*TASK BRIEF*:
A verbatim repetition of the data below is requested, without images.

*GIVEN INFORMATION*:
[Start of section]

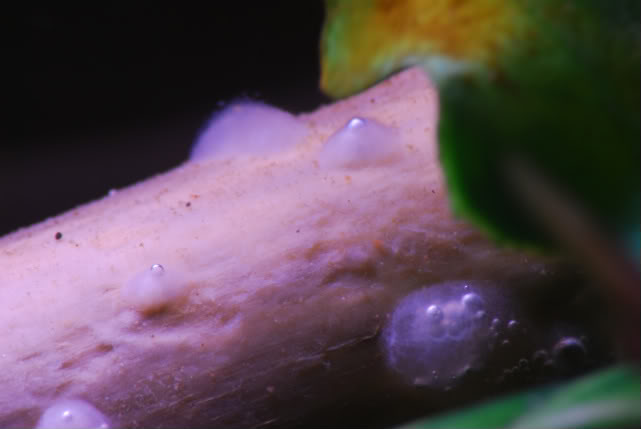 DSC_1227-1.jpg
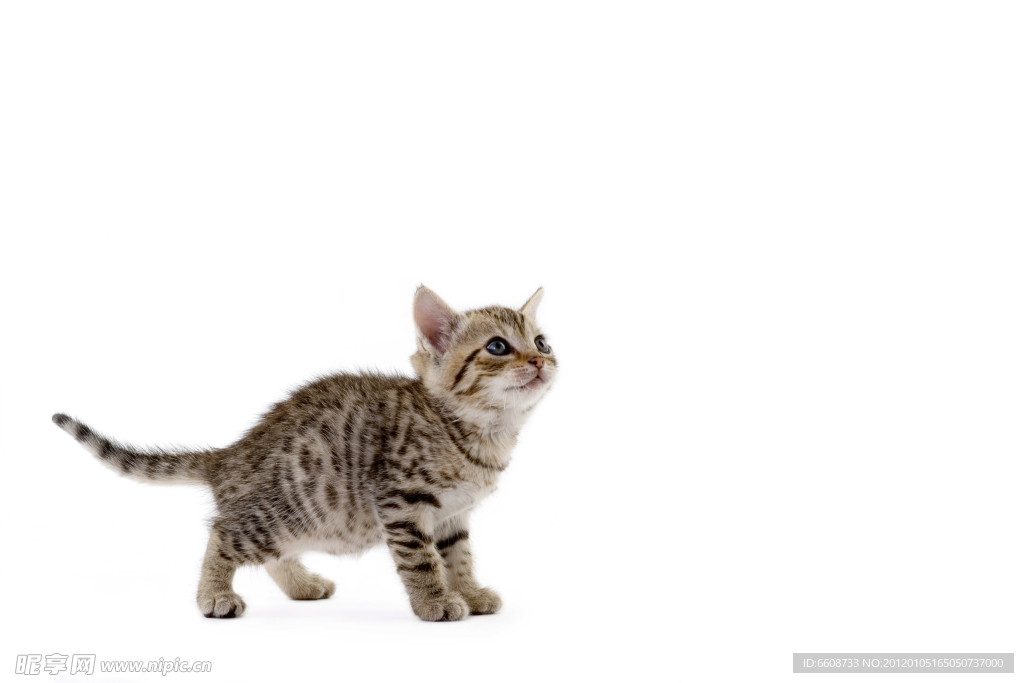 可爱小猫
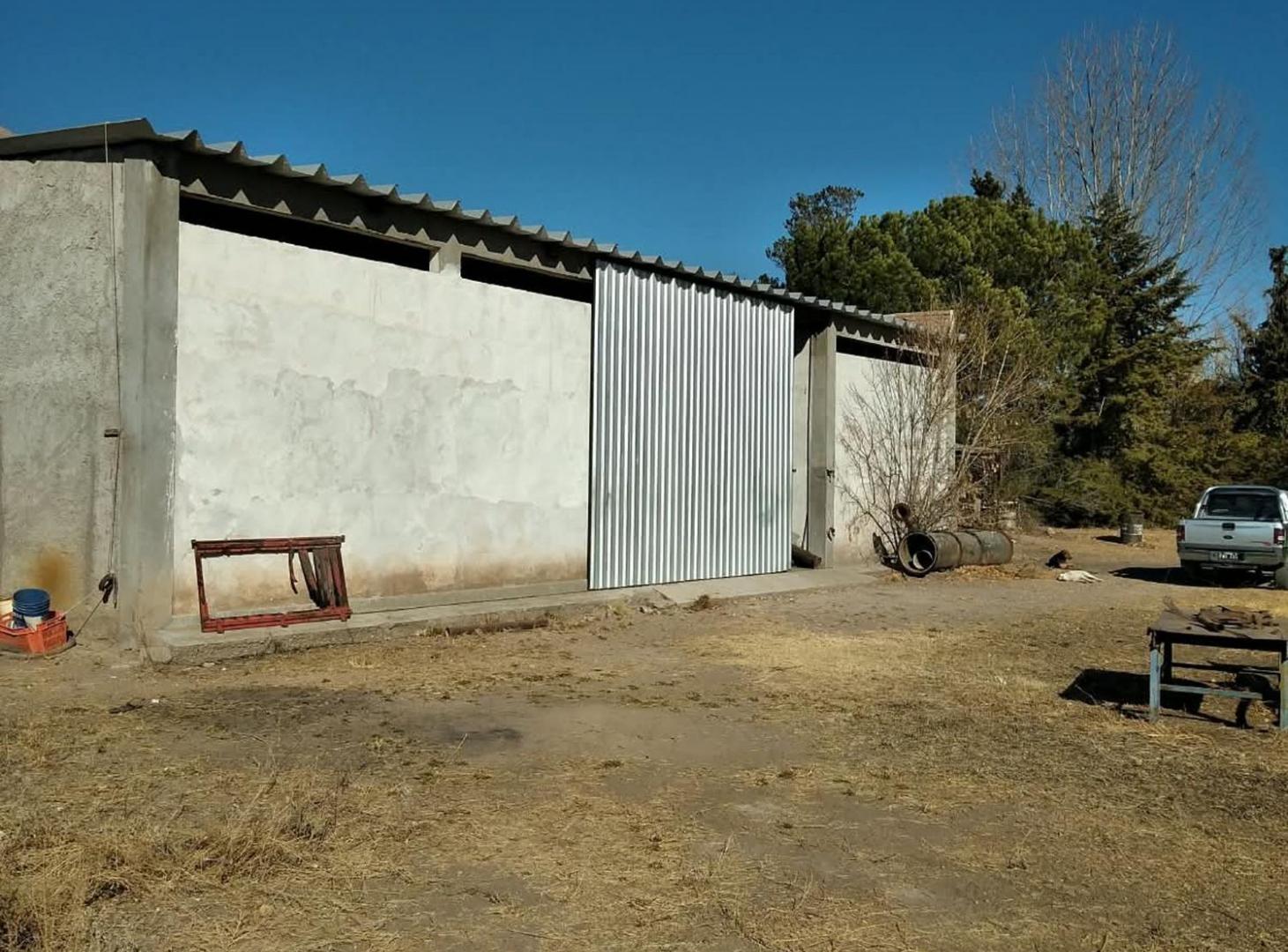 Foto de Venta 7 Hectáreas 7 Galpones Pareditas San Carlos, imagen 5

[End of section]

*WORKED SOLUTION*:
 DSC_1227-1.jpg
 可爱小猫
 Foto de Venta 7 Hectáreas 7 Galpones Pareditas San Carlos, imagen 5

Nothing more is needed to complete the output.